浅述Hbase的设计与实现

1. 议程与目的
- 1.1. 分享目的
2. Hbase 的演进
3. hbase 的设计

1. 议程与目的

1.1. 分享目的

以系统的视角，推测 hbase 的设计决策
全局对 hbase 的特性有一定的了解
不深入具体特性的实现

2. Hbase 的演进

2.1. BigTable

Bigtable, a distributed system for storing structured data at Google. Bigtable clusters have been in production use since April 2005, and we spent roughly seven person-years on design and implementation before that date.
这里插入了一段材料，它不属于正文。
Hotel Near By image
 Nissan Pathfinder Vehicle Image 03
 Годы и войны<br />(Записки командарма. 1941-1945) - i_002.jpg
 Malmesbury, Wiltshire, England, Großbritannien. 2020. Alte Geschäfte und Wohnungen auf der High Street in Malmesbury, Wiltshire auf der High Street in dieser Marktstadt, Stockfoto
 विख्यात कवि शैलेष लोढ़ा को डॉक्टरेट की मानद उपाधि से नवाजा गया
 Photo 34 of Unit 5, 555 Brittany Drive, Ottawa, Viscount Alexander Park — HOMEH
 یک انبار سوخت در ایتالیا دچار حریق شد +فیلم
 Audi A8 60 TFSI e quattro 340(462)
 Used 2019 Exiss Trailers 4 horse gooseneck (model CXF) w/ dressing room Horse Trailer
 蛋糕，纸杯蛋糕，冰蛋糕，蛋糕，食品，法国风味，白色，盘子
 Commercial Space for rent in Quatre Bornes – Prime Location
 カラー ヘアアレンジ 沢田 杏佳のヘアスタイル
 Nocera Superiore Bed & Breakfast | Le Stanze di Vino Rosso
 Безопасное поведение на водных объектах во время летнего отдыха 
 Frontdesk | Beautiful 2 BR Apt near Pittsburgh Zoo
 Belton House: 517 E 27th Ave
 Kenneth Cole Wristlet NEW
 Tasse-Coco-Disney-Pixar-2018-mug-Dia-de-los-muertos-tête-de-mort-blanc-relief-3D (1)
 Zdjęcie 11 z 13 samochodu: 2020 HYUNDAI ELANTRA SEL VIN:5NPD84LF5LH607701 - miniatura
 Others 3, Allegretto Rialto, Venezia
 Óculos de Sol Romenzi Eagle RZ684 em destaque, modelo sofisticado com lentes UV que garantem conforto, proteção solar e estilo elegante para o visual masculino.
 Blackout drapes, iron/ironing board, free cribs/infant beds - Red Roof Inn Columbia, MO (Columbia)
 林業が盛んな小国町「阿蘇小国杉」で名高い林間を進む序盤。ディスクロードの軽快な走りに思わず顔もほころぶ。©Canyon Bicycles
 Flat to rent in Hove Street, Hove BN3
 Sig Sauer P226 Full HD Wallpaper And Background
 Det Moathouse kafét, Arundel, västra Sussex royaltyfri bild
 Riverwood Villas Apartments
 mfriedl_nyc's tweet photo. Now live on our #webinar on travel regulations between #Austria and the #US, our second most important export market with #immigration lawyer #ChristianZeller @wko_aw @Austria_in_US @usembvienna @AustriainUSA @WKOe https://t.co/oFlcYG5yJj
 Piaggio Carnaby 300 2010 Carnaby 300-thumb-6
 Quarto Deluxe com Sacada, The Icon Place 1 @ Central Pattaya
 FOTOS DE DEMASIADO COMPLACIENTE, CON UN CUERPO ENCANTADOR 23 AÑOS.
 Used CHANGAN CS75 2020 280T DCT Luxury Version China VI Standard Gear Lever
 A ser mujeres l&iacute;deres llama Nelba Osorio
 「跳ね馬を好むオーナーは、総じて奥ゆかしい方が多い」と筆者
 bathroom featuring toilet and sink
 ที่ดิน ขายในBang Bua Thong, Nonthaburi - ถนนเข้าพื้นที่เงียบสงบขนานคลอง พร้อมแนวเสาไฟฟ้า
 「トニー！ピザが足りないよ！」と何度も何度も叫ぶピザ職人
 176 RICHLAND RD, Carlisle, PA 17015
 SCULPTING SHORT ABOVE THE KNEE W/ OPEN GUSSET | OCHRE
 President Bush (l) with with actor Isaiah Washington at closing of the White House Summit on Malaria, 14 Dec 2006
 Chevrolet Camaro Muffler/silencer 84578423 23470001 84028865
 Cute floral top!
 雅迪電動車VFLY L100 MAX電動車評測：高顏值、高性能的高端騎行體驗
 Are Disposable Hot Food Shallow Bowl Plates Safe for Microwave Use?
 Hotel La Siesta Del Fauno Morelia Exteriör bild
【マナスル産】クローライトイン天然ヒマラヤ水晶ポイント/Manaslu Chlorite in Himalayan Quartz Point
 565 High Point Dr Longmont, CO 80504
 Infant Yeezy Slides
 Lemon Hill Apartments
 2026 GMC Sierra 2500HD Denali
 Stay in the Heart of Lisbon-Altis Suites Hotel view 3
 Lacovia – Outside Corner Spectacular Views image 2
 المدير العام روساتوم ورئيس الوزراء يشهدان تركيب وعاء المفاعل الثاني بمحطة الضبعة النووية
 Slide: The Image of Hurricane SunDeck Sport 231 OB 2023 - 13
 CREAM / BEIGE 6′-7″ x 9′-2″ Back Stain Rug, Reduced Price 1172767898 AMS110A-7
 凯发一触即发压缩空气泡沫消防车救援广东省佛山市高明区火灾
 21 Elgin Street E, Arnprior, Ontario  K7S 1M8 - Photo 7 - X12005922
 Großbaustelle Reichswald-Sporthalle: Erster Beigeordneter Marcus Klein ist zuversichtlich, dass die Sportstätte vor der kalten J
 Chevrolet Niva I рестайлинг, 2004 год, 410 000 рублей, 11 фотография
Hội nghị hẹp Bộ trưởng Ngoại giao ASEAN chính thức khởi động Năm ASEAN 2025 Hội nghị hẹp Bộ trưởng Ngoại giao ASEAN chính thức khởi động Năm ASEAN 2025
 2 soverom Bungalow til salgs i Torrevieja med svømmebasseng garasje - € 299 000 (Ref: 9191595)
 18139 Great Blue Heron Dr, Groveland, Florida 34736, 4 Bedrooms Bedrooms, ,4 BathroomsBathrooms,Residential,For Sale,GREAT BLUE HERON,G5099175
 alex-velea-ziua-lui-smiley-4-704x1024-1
Our users like the performance and high availability provided by the Bigtable implementation, and that they can scale the capacity of their clusters by simply adding more machines to the system as their resource demands change over time.

2.2. 为什么需要

可自动伸缩的，分布式的，简易版本的 mysql

类比于文件系统与数据库
- 提供快速的记录检索能力
- (小)记录级别的索引对于文件系统压力过大, 不符合块存储的读写设计
类比于文件系统(ext3, ext4…)与 hdfs
- 数据量大, 单机无法存储/处理(或成本过高)
- 机器多, 易故障
强一致性

2.3. 主要的门槛

性能, 横向扩展能力

大数据量下的快速的记录级别检索能力
大数据量下的持续的读写性能(写多读少)
故障转移与恢复

3. hbase 的设计

3.1. 索引与检索 I

基于排序
- B+ tree (mysql)
  1. 可靠性保证, 读写直接发生在文件系统
  2. 读写均保持较高的性能
    1. 检索读的 io 次数 (多叉，降低树高度)
    2. 扫描读的 RangeQuery (叶子节点的链表结构)
    3. 随机写入, 依赖磁盘的 iops
- LSM tree (hbase)
  1. 更高效的写入 (delayed batch write)
  2. 略低效的读取 (multi tree merge)

3.2. 索引与检索 II

基于 Hash
- Hash
  - 范围/排序的读性能差
  - O(1) 的读写

3.3. 索引与检索 III

物理存储
- HRegion 1 - * HStore (ColumnFamily)
- HStore 1 - * HFile
- HStore 1 - 1 MemStore
- HFile = IndexBlock + DataBlock
- get in HFile = binary search IndexBlock + traverse DataBlock
- get in MemStore = get in ConcurrentSkipListMap

3.4. 大数据(partition/sharding) I

row <-> node
- 路由信息太大
hash partition (cassandra)
- 故障情况下的迁移/恢复
  - 会产生 rehash / hash <-> node 关系的变化
- 扩容缩容
  - 类似故障情况
- 一致性 hash
  - 需维护逻辑上的桶和物理上的 server 的映射关系
  - 算法决定¹/mapping 信息决定(存储)
    - mapping: node <-> virtual node
    - 本质上也是 range-partition
- 对区间扫描支持差

3.5. 大数据(partition/sharding) II

range partition
- 路由信息较小, partition(range) <-> nodes
- 对区间扫描支持较好

3.6. 强一致性

single writer
- 简单
multiple writer
- 参考 zk, paxos/raft, etcd

3.7. 故障转移

range 为管理的逻辑单元/存储的物理单元
物理存储利用 hdfs 的高可用
仅需移动管理单元
- wal log
- replay memstore change
  - 定期 flush memstore, 控制故障恢复时间

3.8. 横向扩容/自动伸缩/load balancing

split, 增加逻辑管理单元(Region)
move, 将 Region 移动至新增服务器

3.9. compact

LSM Tree
- 分级存储, memory as buffer to delay flush to disk
- 每个文件为有序存储, 读需要做多路查找合并
- 为提高读性能, 需要 compact
compact 的两种思路
- flush 时, 直接读已刷写的磁盘文件，归并排序成一个大文件
  - 写放大
- flush 后, 基于文件决定如何合并
  - 可控一些的写放大

3.10. row level acid I

write write synchronization
- single writer (JVM/RS)
- rowlock

3.11. row level acid II

read write synchronization
- single writer (JVM/RS)
- read-your-own-writes consistency²
- mvcc/rowlock
  - mvcc
    - read point = largest write point where all early point commits
    - reader get current read point, ignore all writes after
    - writer commits when done write
    - writer only finish when all early writer commits
      - read point >= this write number
      - ensure next read will read this write
  - rowlock: reader and writer compete for rowlock

Footnotes:

也需要同步比如节点数，序号等信息，或者基于约定提前分配

读到自己的写; 不读到未提交的写; 读数据的一致性